On Saturday, I attended Waverly Street “Craving Chinatown” Food Festival. It was really nice to witness how the community, both tourists and local community members, gathered to sample foods and be with good company. To participate in the festival and sample foods, you needed to pay fifteen dollars in order to obtain a pass that listed each booth’s items. The pass served as a ticket of sorts- show it to a booth and receive their food item along with a stamp on your pass. You were able to sample the food of 5 booths. My favorite item was the lobster hao gow because I had never eaten hao gow with anything else but shrimp. I also thought it was nice to see that the people working the booths were mostly CYC youth volunteers. Overall, the food festival was a great experience, especially because it promoted the culture of Chinatown in an entertaining way.
My highlights of week 4 in the Urban Institute program included conversations with Chinatown TRIP, a city hall dome tour, and a meeting with a few UI alumni who are now legislative aids in city hall. Before the day we met a few founders of TRIP, I had never heard of the organization. I was very surprised to learn how crucial they were in improving the public transportation in Chinatown, especially because so many of the community members in the neighborhood rely heavily on bus rides for daily tasks. Yet another example of solidarity and determination to make Chinatown a better place to live in and to be, Chinatown TRIP is an organization I probably never would have learned about if I had not participated in UI.
My favorite part of this week was the City Hall dome tour. I’ve always been amazed at the beautiful architecture of City Hall but I’ve never been able to see the dome, inside and out, in so much detail. It was extremely interesting to hear many fun facts about the dorm and how it was built, such as the role of horse hair in the construction of the dorm. During our time at City Hall we were also able to hear from UI alumni who currently work as legislative aids. Again, I never would have been able to learn about their jobs in the personal and detailed way I did if it weren’t for this program.
Walking into Woh Hei Yuen, my knowledge of Chinatown and its history was limited. I attribute this basic knowledge to my participation in Cameron House and the Presbyterian Church in Chinatown, where it is largely inevitable to spend as much time as I have in these establishments without understanding a little bit about Chinatown’s development, accomplishments, and struggle, both past and present. However, I had never delved more deeply into these stories I’ve been told by various older members of the community: the stories about the I-Hotel, Mei Lun Yuen, Ping Yuen’s, and other establishments or events essential to the understanding of this San Francisco neighborhood. I could recite basic chronological story-lines and main events related to the development and history of Chinatown, but I had far from a comprehensive understanding of causes, effects, and the impacts of certain events on the community. I recognized the historical importance of Chinatown and its incredibly unique background, but I was unaware of many of the efforts to establish the community as the cultural and economic hub that it is today.
I have participated in Chinatown CDC’s Urban Institute Program for two weeks now. Though my knowledge of Chinatown is still limited, with the help of Urban Institute I have begun to chip away at my naïveté and misunderstanding of the neighborhood, unveiling new interests as well as new questions.

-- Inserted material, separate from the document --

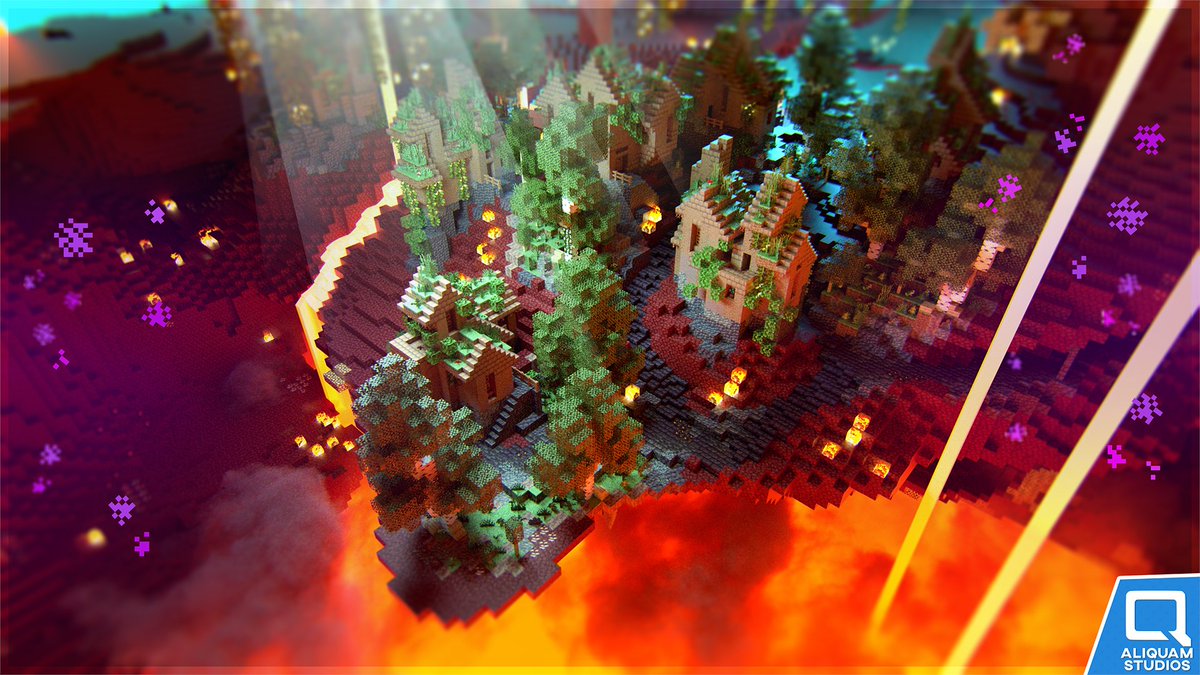 It's the best place to travel to in the whole Nether! You got plenty of stuff to do and sights to see, like a magma lake and a waterfall full of dripping lava. This place has everything an adventurer like you will need!
<a href="/MinecraftMarket/">Minecraft Marketplace</a>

My interest in Chinatown’s development and community is due to my participation in certain Chinatown developments, and my participation in these programs are due to my grandfather’s history as an immigrant to Chinatown. My grandfather, George Yee, immigrated to San Francisco as a paper son at the age of nine years old. Supporting himself throughout junior high, he worked long hours at a laundromat after school and often ate just gravy and rice during the day before coming home to an SRO. He found solace and community at Cameron House and also began to work odd jobs at the Presbyterian Church in Chinatown on Stockton street. My grandpa never seemed to run out of stories about his experiences in an SRO- ones about the lack of space and subpar living conditions, but also the relationships he forged with other residents.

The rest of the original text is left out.